LTVs increasing in the buy-to-let sector
TBMC’s Landlord Profile Tracking Index shows in Q3 2010 there was an increase in both loan size and LTV for mortgage offers obtained during the period.
It also found a narrowing price gap between fixed rates and trackers, meaning that fixed rates are proving popular amongst landlords.
Andy Young, chief executive at TBMC, says it is encouraging to see a steady increase in loan size over the last three quarters with the average buy-to-let mortgage now over 30% higher than it was during the final two quarters of 2010.
He says this reflects the gradual recovery of property prices and the availability of some higher LTV buy-to-let products in the mortgage market.
The average LTV is also creeping up slowly and was 66.13% in quarter three compared with 64.23% during quarter one.
Young says: “Over the last year we have seen a steady lowering in the price of the average fixed rate buy-to-let mortgage being offered. For mortgages offered in quarter three this year via
“TBMC, the average fixed rate was 4.71% compared with 5.24% in the final quarter of 2009. However, tracker rates have started to increase since the beginning of the year, 4.15% in Q1 2010 and the average tracker rate offered in quarter three this year was 4.45%.

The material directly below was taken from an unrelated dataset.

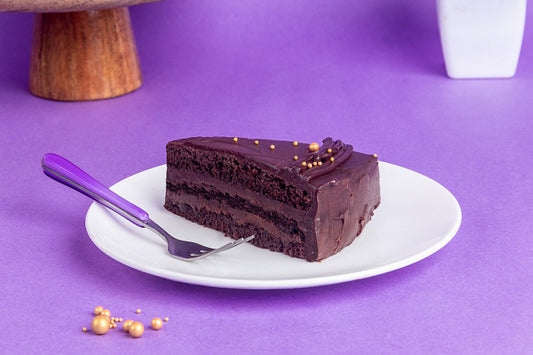 Belgian Dark Chocolate Pastry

“As the pricing of trackers and fixed rates have converged we have, unsuprisingly, seen a rise in popularity of fixed rates and in the third quarter there were more fixed rate mortgages offered - 55% via TBMC than there were trackers - 45%.”
For the fourth quarter in succession there has been an increase in the percentage of applications received for remortgages compared to purchases, with an almost even split in quarter three this year.
Young adds: “Some 48% of applications were for remortgages compared with 52% for purchases. This may reflect increasing competition in the market as new lenders have entered the market and established lenders like Paragon have re-emerged, resulting in more attractive buy-to-let products for existing landlords.”
“The buy-to-let mortgage market has stabilised and there are some positive signs appearing with increasing competition in the market. However, the level of finance available to landlords is still very low, at just around £8 billion of new loans expected in 2010, so there is still a way to go the before the market recovers to a normal level and to the extent that supply meets demand.”